Notice too that many developments are exempt even from the possibility of required parking under the TDM plans provision.
  • For new construction, buildings of less than 5,000 square feet (465 square metres) are exempt. 
  • For substantial renovation a TDM plan is required only if the gross floor area is at least 50,000 square feet (4,645 square metres) AND there is a change of use. 
  • A TDM plan is not required for single unit dwellings nor for double-unit dwellings. 
  • And TDM plans are never required for ANY project in areas zoned D-IL (Light Industrial), D-IH (Heavy Industrial) or D-C (Flex-Commercial, which are general commercial and mixed-use areas, which typically benefit from flexible form standards and are separate from, but within close proximity to, residential neighborhoods).
It is also clear that Buffalo's new approach is not longer stridently fearful of spillover parking!

Although the TDM plans may require non-exempt developments to avoid "placing an unreasonable burden on public infrastructure", providing on-site parking is only one possible response. On-street parking, off-site parking and shared parking arrangements are also mentioned as options. It seems clear that some spillover is considered acceptable and manageable.

Furthermore, it would take a LOT of spillover to place an unreasonable burden on parking in many areas of Buffalo.

Why? Because Buffalo has a LOT of parking! Here is parking in Downtown Buffalo as revealed by a 2003 study by local non-profit, the New Millennium Group.
Map from Joe the Planner "Putting parking in its proper place"

My guess is that in the near term, new parking-lite developments with plentiful under-used off-street parking nearby will rarely be judged to be "placing an unreasonable burden" on local parking.

A mindset change!

This lack of fear of spillover is what makes Buffalo's parking reforms more radical than Victoria's.

Victoria is sticking with the On-Site-Parking mindset, which insists that every single development site should be served by its own on-site private parking. Victoria's review of its parking requirements retains the usual abhorrence of spillover parking. It even explicitly rejects the idea of a shared parking program.

By contrast, Buffalo has taken a decisive step towards embracing Walkable Parking’ thinking in which parking facilities are assumed to usually serve their whole surrounding area, not just specific sites.

Buffalo no longer assumes that all parking demand from each building must be met with on-site parking. The city is well on the way towards the mindset behind park-once-and-walk planning.

Buffalo's parking reform is radical because it marks a drastic change in the parking policy mindset.

Wait a minute! Doesn't Buffalo have way more ugly surface parking than Victoria? 

Well, yes it does.

There are many historical reasons for Downtown Buffalo's existing parking surplus and its many parking craters. There are also various historical factors behind Victoria's much more intact downtown fabric and relative lack of surface parking.
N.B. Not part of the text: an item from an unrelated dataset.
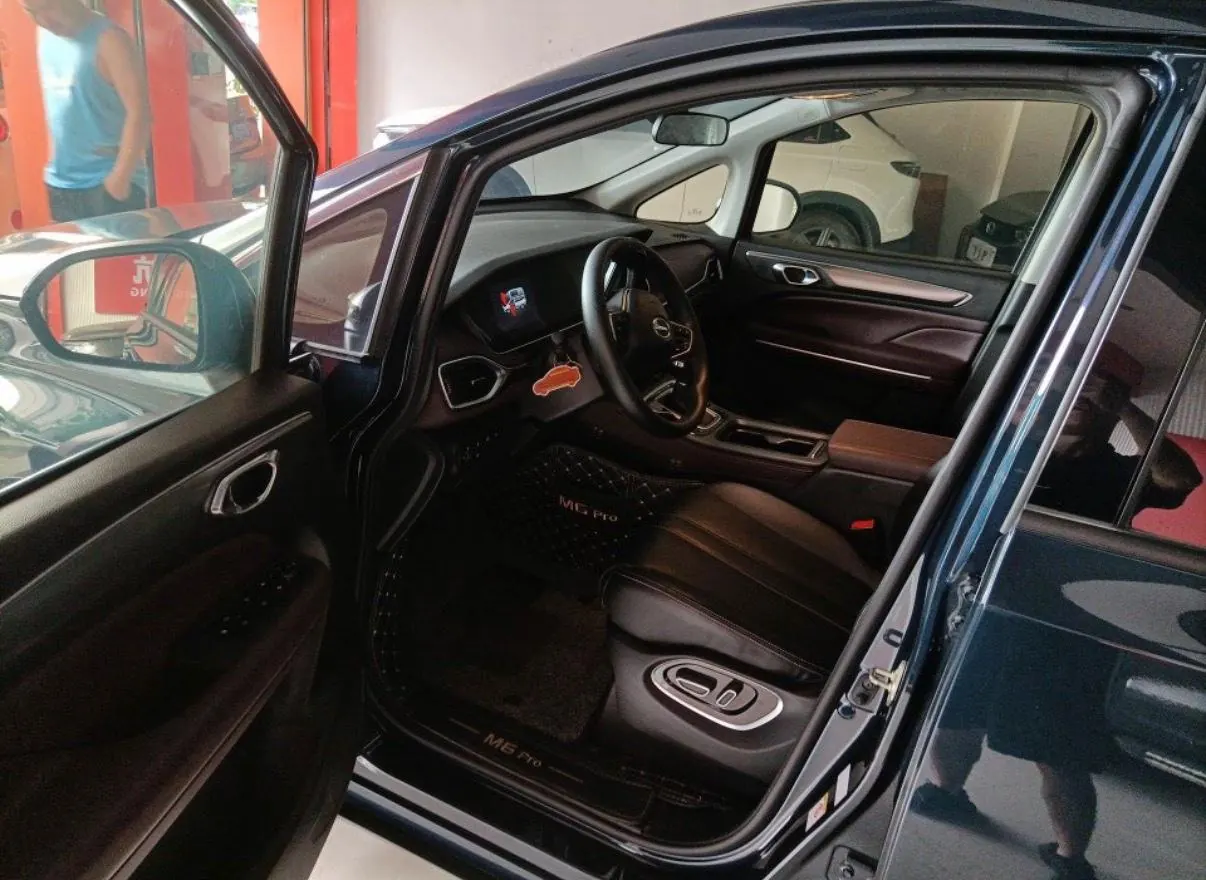 GAC Trumpchi 2021 M6 PRO 1.5T 270T Prestige Automatic 5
But this article is not about how well these cities did in the past. It is about today's reforms that will help shape the future.

Two different reforms of excessive parking minimums

In summary, we can see in these cities two very different approaches to parking minimums reform.
  1. Victoria is taking aim only at the excessiveness of some of its minimum parking requirements but it is not questioning the idea of parking minimums themselves. 
  2. Buffalo is abolishing its parking minimums and, despite retaining some ability to require parking in some cases, is well on the way to embracing a parking policy mindset in which parking minimums make no sense anyway.   
I don't want to seem too harsh on Victoria here. At least it is trying to do something about excessive parking minimums.

Many cities around the world are still simply doing the wrong thing and rigidly (even ruthlessly) applying excessive minimum parking requirements!

The Victoria and Buffalo examples highlight that parking minimums are about TWO different things at the same time:
1. plentiful parking AND 2. on-site parking.
Successful reform should take aim at both!

So, don’t just say “we need less parking” without challenging the On-Site-Parking mindset.

Right-sized parking minimums are merely doing the wrong thing a little bit better. Do the right thing and abolish the parking minimums completely.